THE ONLY woman among the Arte Povera artists: Marisa Merz (1926-2019). Merz gave a poetic, calm, fragile touch to the Italian style that utilised ‘poor’, in the sense of recycled, everyday materials. The artist, who was regarded as a leader in those years, will have the largest retrospective in Switzerland for 30 years at the Kunstmuseum Bern (from 31 January) under the lyrical title ‘Ascoltare lo spazio - Listen to the Space’.
THE CRITICAL artist Anne Marie Jehle (1937-2000) is hardly known today. When she withdrew from the public eye in the mid-1980s, her artistic work came to an abrupt halt. The Art Museum St. Gallen is showing (until 9 March) her visionary, expressive work, which deals with social structures and power relations, female identity and role models. And thus makes her work significant for today's discussion on self-determination.
THE BOLD museum barrier-breaker and art expert-comedian-influencer-freestyle rapper Jakob Schwerdtfeger. His book ‘Ich sehe was, was du nicht siehst, und das ist Kunst’ (‘I see something you don't see, and that's art’ ) is crazy. Surprising anecdotes take a cheeky look at art and personal stories. For example, that actor Sylvester Stallone began to define and train his own body image at the age of 12 when he saw a museum painting of muscular figures by Peter Paul Rubens.

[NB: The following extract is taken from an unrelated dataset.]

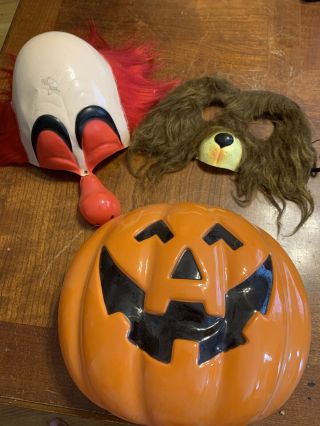 Vtg Halloween Mask Lot; Clown Topstone,  Bear,  Pumpkin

THE RUTHLESS centenary ‘The New Objectivity’ at the Kunsthalle Mannheim (until 9 March) delves deep into the history of art in the 1920s. Over 200 works impressively reflect themes that are more topical than ever: whether human vulnerability, social upheavals, provocative and melancholy portraits or moral images - the razor-sharp painting of the Weimar Republic reveals truths with a cool, unemotional gaze.